Researchers on Tuesday reported that #AttachMe, a dangerous cloud isolation vulnerability in Oracle Cloud Infrastructure (OCI), was of grave concern because it could have been targeted by an attacker without authorization.
In a blog post, Wiz researchers said any unattached storage volume or attached storage volumes allowing multi-attachment could have been read from or written to as long as the attacker had the Oracle Cloud Identifier (OCID), which would have let sensitive data be exfiltrated or more destructive attacks initiated by executable file manipulation.
Wiz engineers discovered the vulnerability in June and within 24 hours of being informed by Wiz, Oracle patched #AttachMe for all OCI customers. No customer action was required.
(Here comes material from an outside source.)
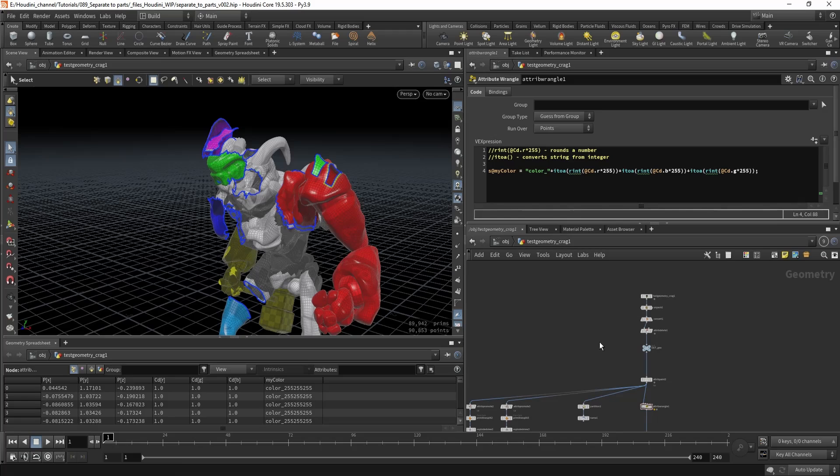Hi! Today I want to show you how you can split your geometry using color with the paint node. This can be very useful if you have topology with a high polygon count, for example.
What made the #AttachMe vulnerability so critical?
Jerrod Piker, competitive intelligence analyst at Deep Instinct, said the issue was that attackers could potentially exfiltrate or destroy sensitive data within OCI storage volumes without authorization. Piker said most vulnerabilities at least require some sort of privileged access to enact, while this one only required the attacker to know the OCID for the volume to do the damage.
Piker said the #AttachMe vulnerability stands unique from other cloud isolation vulnerabilities in that it was related to the core OCI cloud service. Pikder said what this means is that unattached storage volumes could have been attached by an attacker to a VM in another account without requiring any permissions. He said it’s extremely concerning because literally every OCI customer was a potential target.
“Oracle understood the severity of this vulnerability, and patched it within hours across the whole customer base, without requiring any action on the customer side,” Piker said. “While this is encouraging to see the rapid response from Oracle, it still causes concern for future cloud isolation vulnerabilities that may arise. The most important things to take action on are to lock down every cloud asset and resource with a least privilege model, and monitor and enforce access control to and activities related to all internet-facing cloud assets and information. There are many cloud security tools available to assist in these efforts, but the closer one can get to complete visibility of all user and resource activity the better.”
Mike Parkin, senior technical engineer at Vulcan Cyber, added while there’s no indication that threat actors ever exploited this, any vulnerability that allows unauthorized access to another user’s data is problematic. Parkin said in this case, any user in the Oracle Cloud Infrastructure could attach to any other user’s volume if its ID was known.
“How much damage could come from the access would depend on what was in the volume, but any unauthorized access should be considered a bad thing,” Parkin said. “Fortunately, Oracle patched this vulnerability across their OCI environment within 24 hours of its coming to light. As for what should be done to prevent related issues in the future, security and development teams need to keep a tighter rein on any information that could lead to unauthorized access. That includes information like Volume ID’s and other potentially revealing data that, while not vital secrets, should be treated as at least confidential information.”
Dan Benjamin, co-founder and CEO at Dig Security, considered the finding by the Wiz Security team very significant. Benjamin said cloud users must constantly put additional controls on their systems to protect data access across their environment. However, he said a vulnerability like this one means that even though they put in the right controls, they are at a risk of a data breach.
“Even though Oracle has already resolved the issue, the vulnerability is definitely as dangerous as the Wiz research team says and could have widespread impact across Oracle's cloud user base,” Benjamin said. “This is another example of security teams needing to patch quickly and patch often.”